Topband: WebSDR use and other comments.
hfdxmonitor at gmail.com
Sun Jan 14 20:54:35 EST 2018
Like most of you, my interest in radio started with a tube
radio/turntable combo, listening to shortwave broadcasting stations back
in the late 60s. Unlike some of you, my SWLing interest remained after
getting a ham license in 1980.
WebSDR has been an issue in SWLing circles for many years. While not as
common as in the past, SWLers still pursue QSL confirmations from the
stations they hear. Some of these receptions are being made through
WebSDRs. Unfortunately, not all of them disclose this 'minor detail'
when submitting reception reports to the stations.
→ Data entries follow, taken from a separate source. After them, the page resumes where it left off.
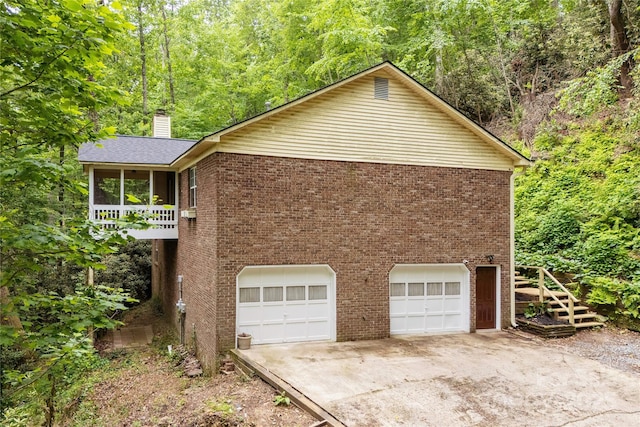608 Surrey Glen Cir, Hendersonville, NC 28739 - view of property exterior with an attached garage, a chimney, concrete driveway, brick siding, and a sunroom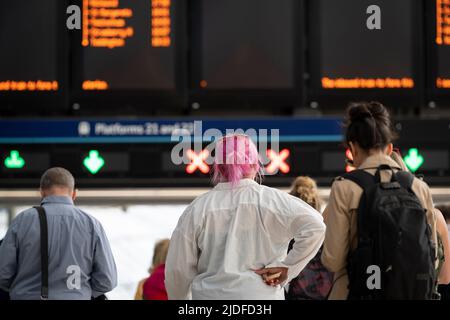 Stunden vor der Schließung des britischen Eisenbahnnetzes, wenn Eisenbahnarbeiter der RMT-Gewerkschaft im gesamten Vereinigten Königreich Arbeitskampfmaßnahmen ergreifen, während der dreißigjährigen Bahnstreiks in England, Schottland und Wales die meisten Störungen ausgingen, Passagiere während der abendlichen Hauptverkehrszeit am 20.. Juni 2022 durch den Waterloo-Hauptbahnbahnhof fahren, In London, England. Stockfoto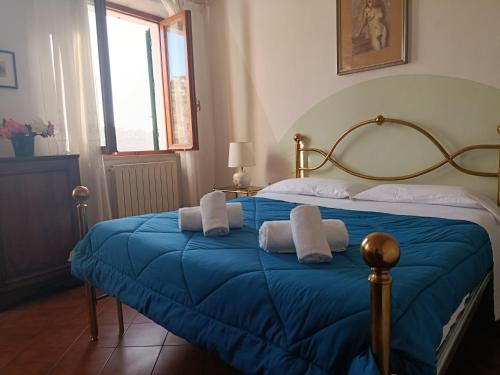 a bedroom with a blue bed with two pillows at Casa dell' Onda 25 in Siena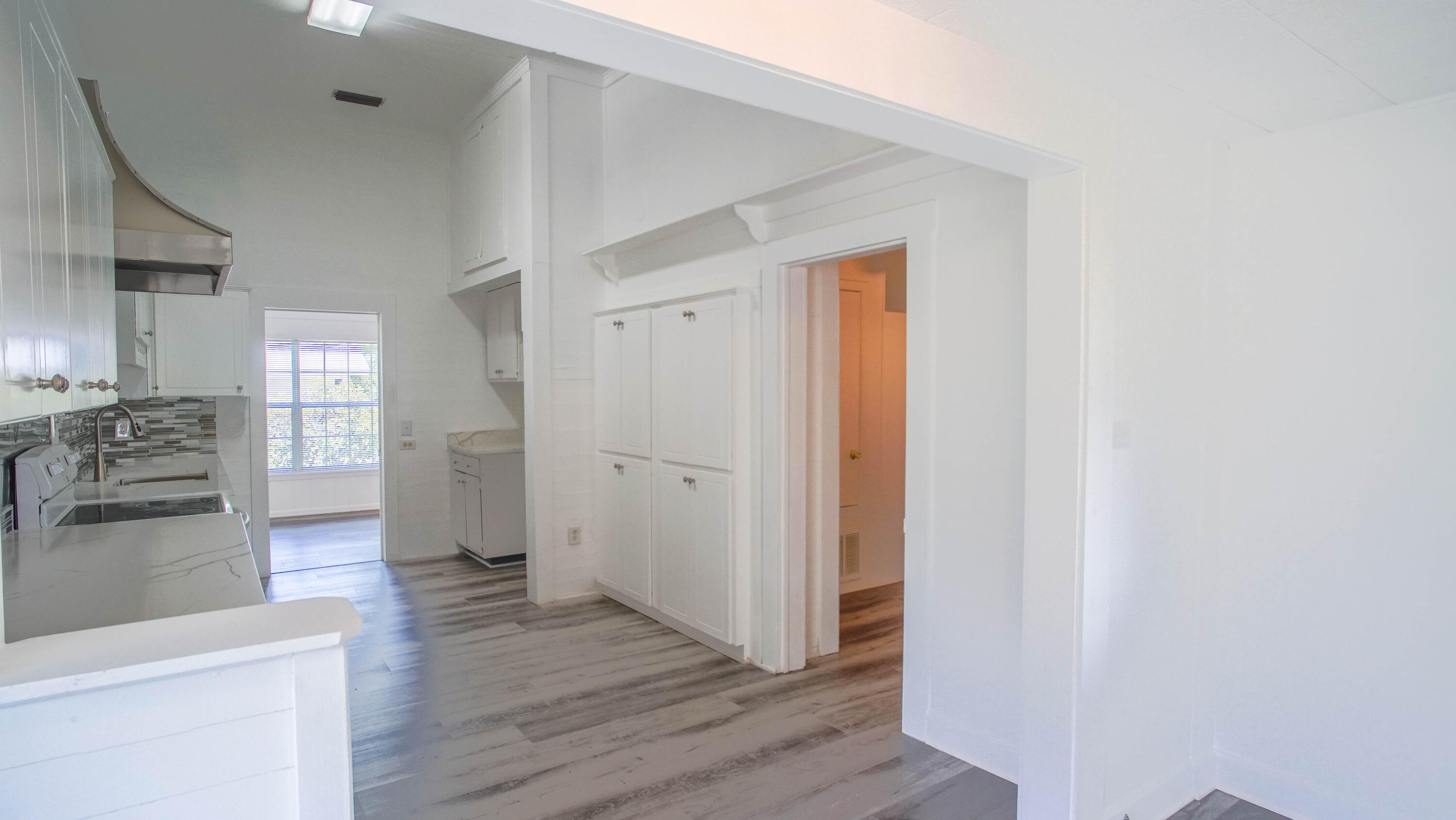 270 South 12th Street DeFuniak Springs, FL 32435 - Photo 16 of 57 a view of a kitchen cabinets and wooden floor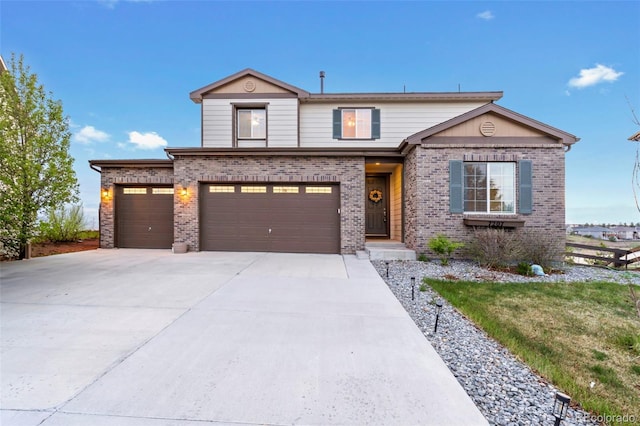 traditional home featuring fence, a garage, driveway, and brick siding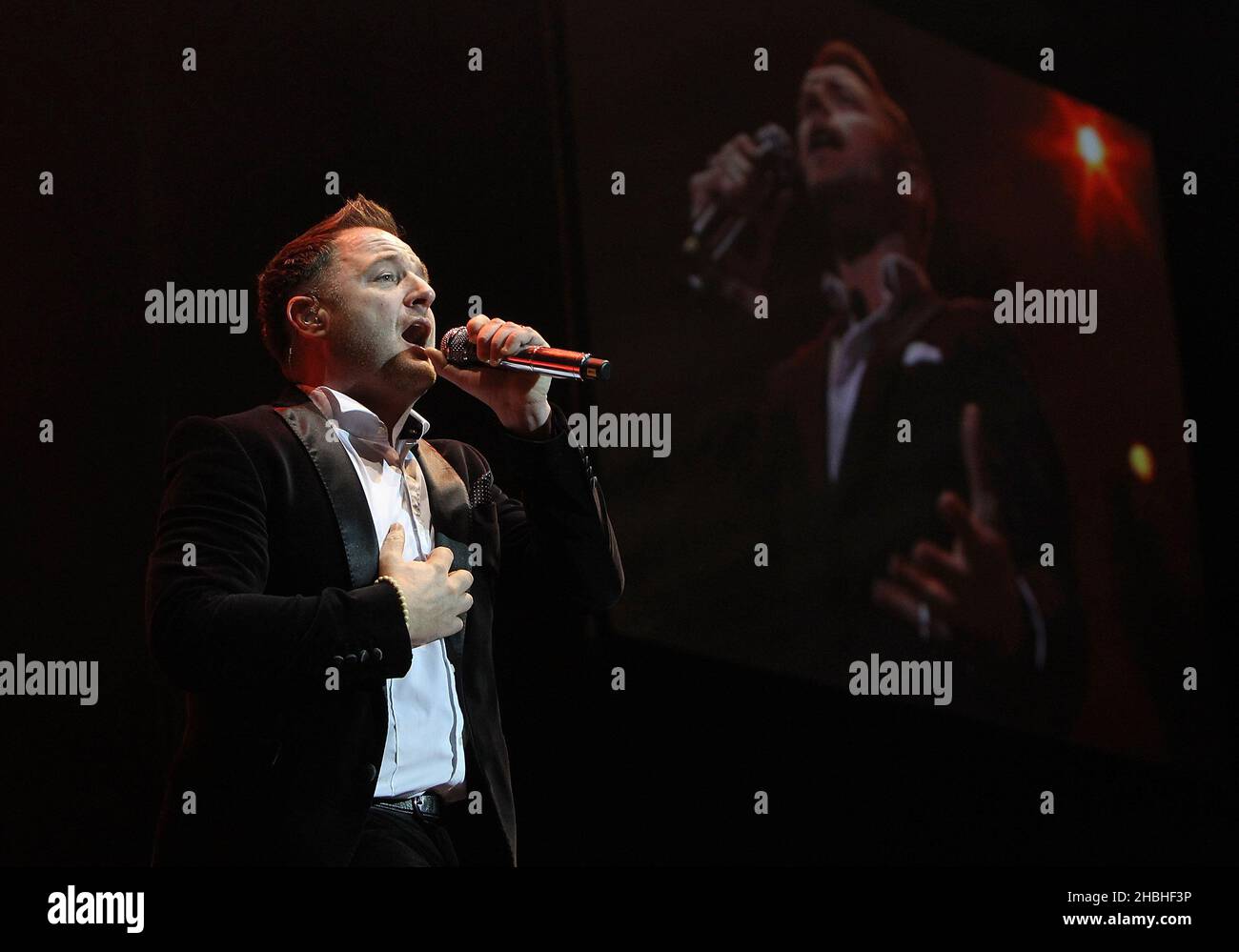 Mikey Graham of Boyzone performs on stage at the 02 Arena in London. Stock Photo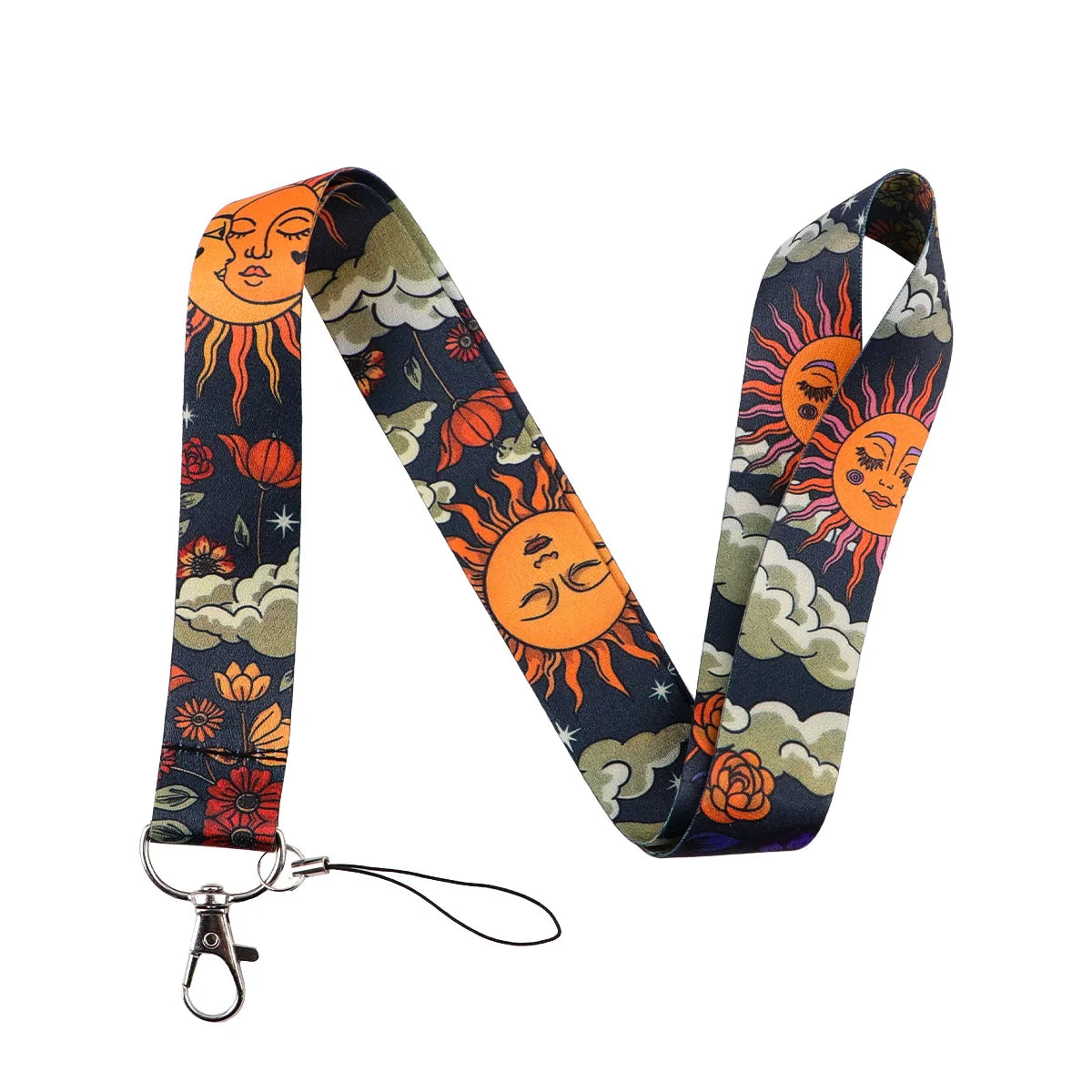 A patterned fabric lanyard featuring orange sun faces and floral designs on a dark blue background.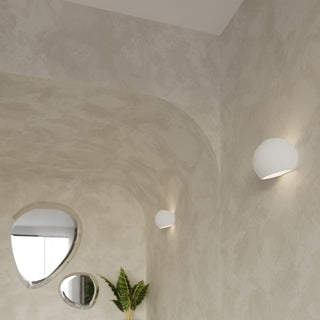 Two ceramic wall lights illuminating a textured beige hallway with an arched opening and decorative mirrors.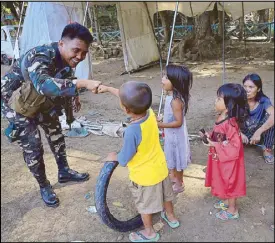  ??  ?? A soldier plays with children at an evacuation center in Iligan on Friday. REUTERS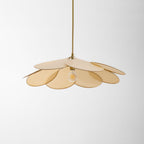 Studio shot of this Clérachic pendant lamp seen from above, its beige petals overlapping around a dim bulb.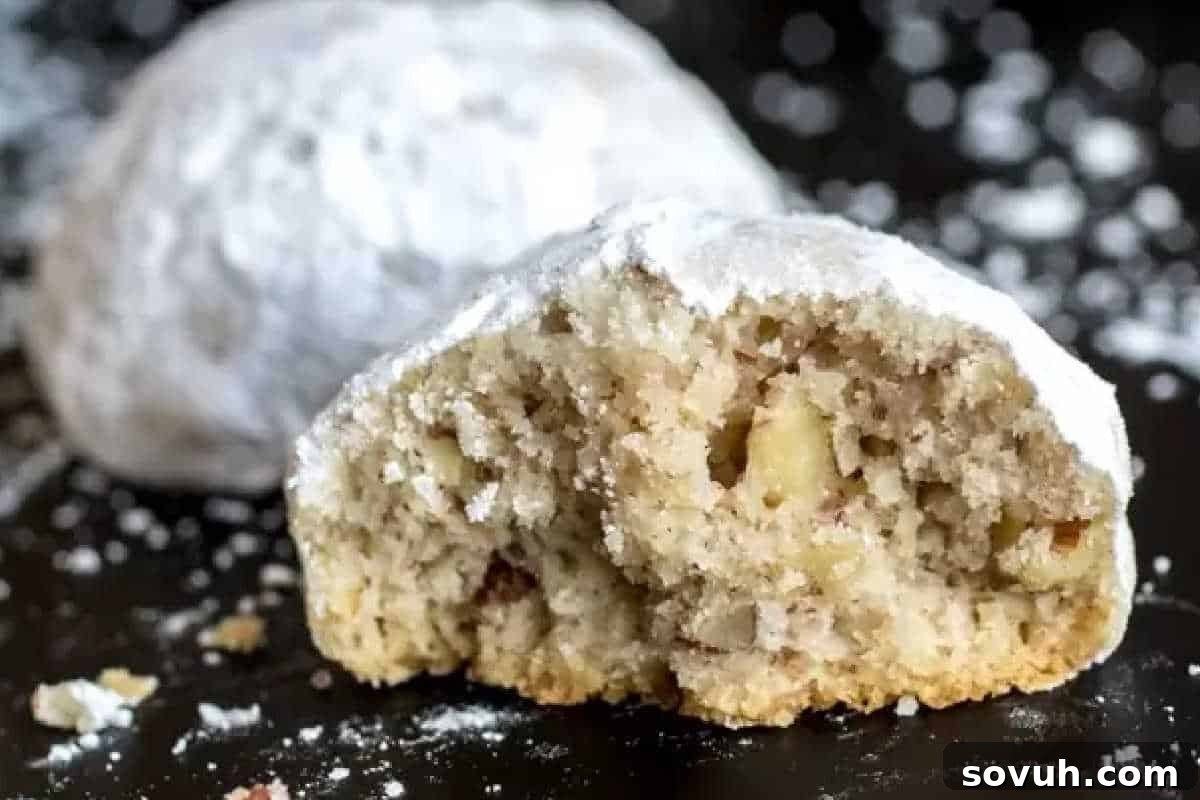 Close-up of a halved Mexican wedding cookie dusted with powdered sugar, revealing a crumbly interior with visible nuts. Another whole cookie is in the background.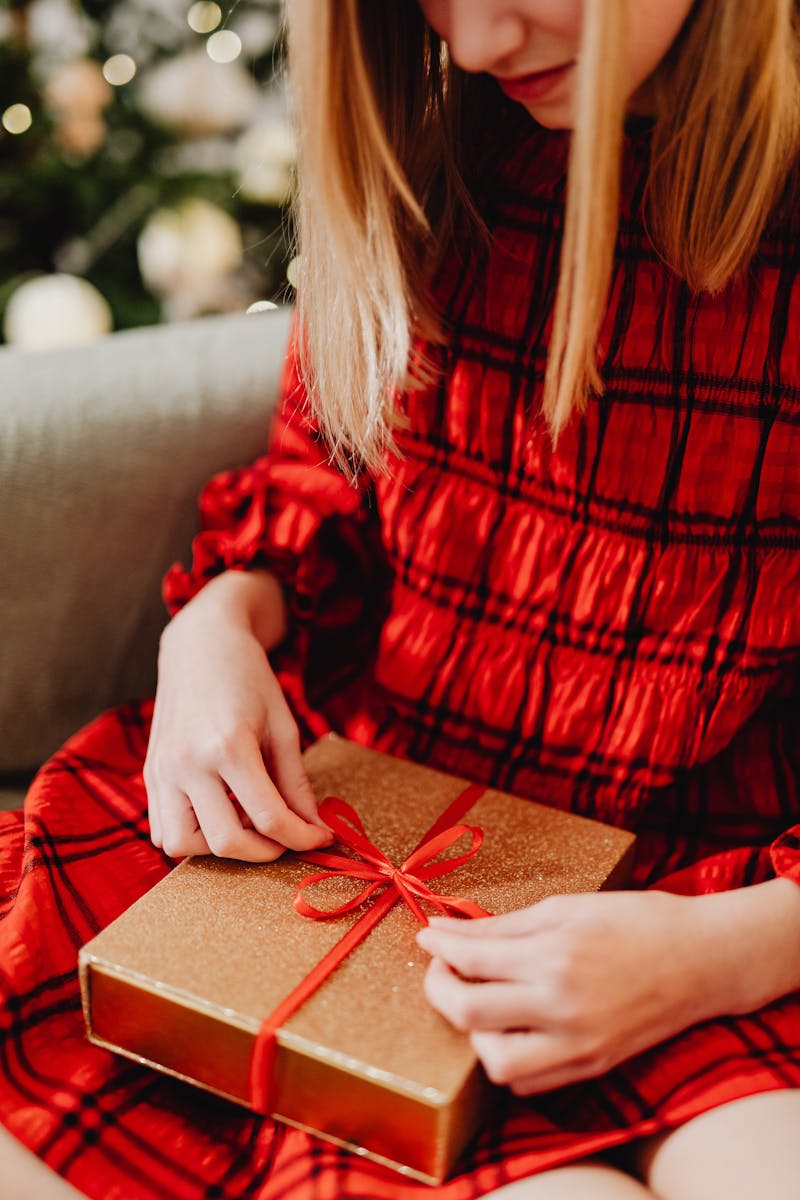 Woman Opening a Christmas Present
To give you an idea of the difference of opinions regarding the use of
WebSDRs in SWLing, one SWLer adds an interesting tagline to all his
logs. It's something like this: "Heard with my own ears, on my own
receiver, in real time."
The reason for the tagline, is that a number of SWLers, not only use web
receivers, but are not even at the dials during the reception. They'll
record entire bands (SW-MW-FM), and go through the MP3 files later, some
sending reception reports to the stations, after the MP3s have been
As cogently stated already, it's all a hobby, and each individual will
decide what is valid or not as his/her own achievements. It only becomes
a 'problem' when those 'achievements' are compared against others'.
As for amateur radio remotes, a lot has been said already. There seems
to be an understanding of the proper use of remotes, things such as
proper identification and the like.
One poster mentioned something that I don't recall seeing here before,
but crossed my mind many times, as being an 'injustice'. That is, the
use of a remote station within a country, regardless of the distance, as
being valid for DXCC and/or contests.
Nothing wrong in principle, until you realize that a ham in Canada, the
US, and other big countries, benefit a lot more from this allowance,
than a ham in Andorra, El Salvador, or Hong Kong, for example.
It's no uncommon to see west coast hams claiming to be at a disadvantage
compared to east coast hams. They may have a point, but it's difficult
to equalize this perceived injustice. In the case of remote stations, I
think the 'within national borders' criteria is flawed. A much better
criteria would be distance based. It would not allow for border
crossings, even if still within the allowed distance, of course.
Not trying to ressurect an old/bad discussion, but FT8 is in the
'news'again. Full automation has been achieved through the use of
macros. Only one more development to sow disagreement in the ham
The hobby is changing. There are more ways to enjoy it. We may not like
all of them, but we must find a way to coexist.